Site Speed Monitoring in A/B Testing and Feature Ramp-up

Jiahui QI (JOY)

Engineering Manager at Meta

June 21, 2017

Everyday, LinkedIn serves hundreds of millions of pageviews to our members, from job searches to the news feed. Our network has grown to over 500 million members, and throughout our journey, “members-first” has been a fundamental value that we’ve carried. For our mission to continue improving the member experience, LinkedIn’s site speed infrastructure is a critical component because it provides site performance metrics to the engineers who develop and roll out features to our members.

Predicting site speed impact of a feature rollout is a difficult engineering problem, particularly at scale. We are ramping hundreds of changes simultaneously through A/B testing. When ramping a feature into production, how can developers gain visibility into the site speed impact? Likewise, when a performance optimization is enabled in production, how can the developer quantify the benefit? In addition, how can performance degradation be detected at an early stage of feature ramp-up, before the impact spreads out to a larger audience? In this blog, we share our experiences and solutions here at LinkedIn.

Site speed A/B reporting

At LinkedIn, features are ramped up through an A/B testing platform called XLNT. For a feature to be deployed in the production environment, it typically goes through several ramp-up stages that span days or even weeks before the feature is fully rolled out to every member.

We collect Real User Monitoring (RUM) data from all our web pages and mobile applications.

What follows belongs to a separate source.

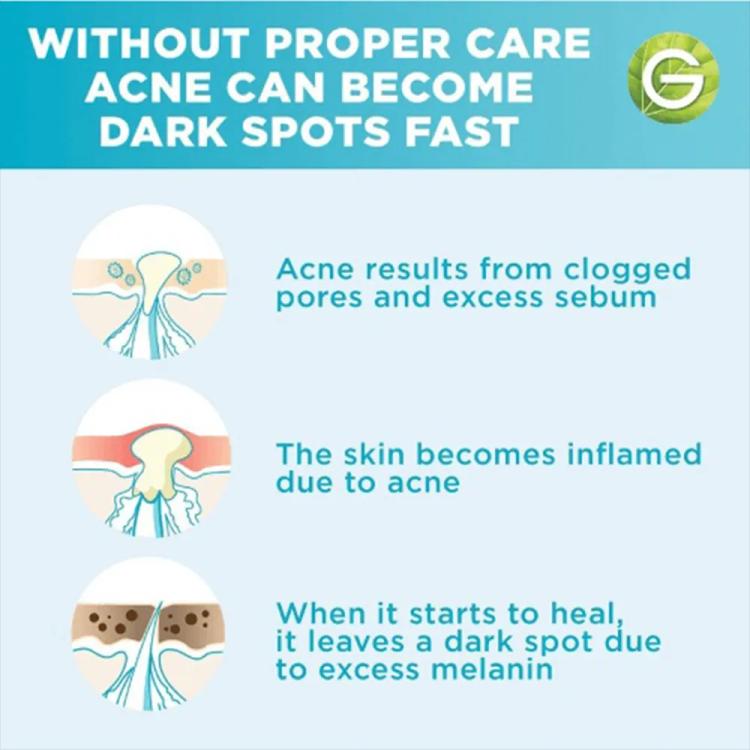 Garnier Skinactive Fast Clear Booster Serum with Salicylic Acid - 15 ml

In RUM, basic metrics, such as Navigation Timing and Resource Timing, are collected. In addition, we collect a lot of debugging details using markers to indicate the performance of components. This is the source of truth for site speed at LinkedIn.

On top of this, we built a system to slice and dice the RUM data to allow developers to visualize and understand site speed changes along the entire A/B ramping cycle.

During A/B testing, we compare site speed metrics provided by RUM, such as traffic and page load time, between two groups of users: an experimental group, and a control (or ”baseline”) group. By setting other variables, e.g., country, into the same category for both groups, we are able to do a fair comparison between the two sets of results in order to differentiate the performance impact.

Site speed A/B data are available in two flavors today: daily and real time. Daily data is processed in Hadoop. It is more reliable, because daily site speed variance is relatively small. Real-time data, which is processed in Apache Samza, is aggregated into 10-minute windows and is primarily used for anomaly detection and alerting purposes.

The choice of using daily summarized data versus real-time data is a practical tradeoff. While real-time data is available quickly and is useful for anomaly detection and alerting, the visualization is often noisy. Conversely, daily data is only available much later, but often provides a better understanding of the data. The distinction in practice means that they are applied to different problems. For example, real-time data is more suited for alerting. When a feature is ramped and accidentally causes a site speed degradation on a particular page, the real-time result can raise awareness in a meaningful timeframe. By having an alerting system on top of real-time data, developers and experiment owners can be notified about the issue early. Meanwhile, daily data is better suited for quantifying a performance impact that developers are already aware of. For example, when developers finished a feature that improves the speed of a web page, the precise difference could be summarized comprehensively. Based on the result, owners can decide whether they want to continue ramping the improvement feature or not.

Use case

Let’s use a real example at LinkedIn to show how we use this framework to monitor and improve site speed. We noticed LinkedIn’s web profile page was slow due to ads needing time to load. Engineers decided to optimize ads in order to solve this problem, and rolled out their changes. To see the performance difference and business impact before we decided to fully ramp up this feature, engineers used our site speed A/B test report to monitor ads click rate and site speed metrics in the 10% A/B ramping stage. From our visualization dashboard, engineers were able to check daily page load times at 90th percentile and traffic trends for both control and experiment groups.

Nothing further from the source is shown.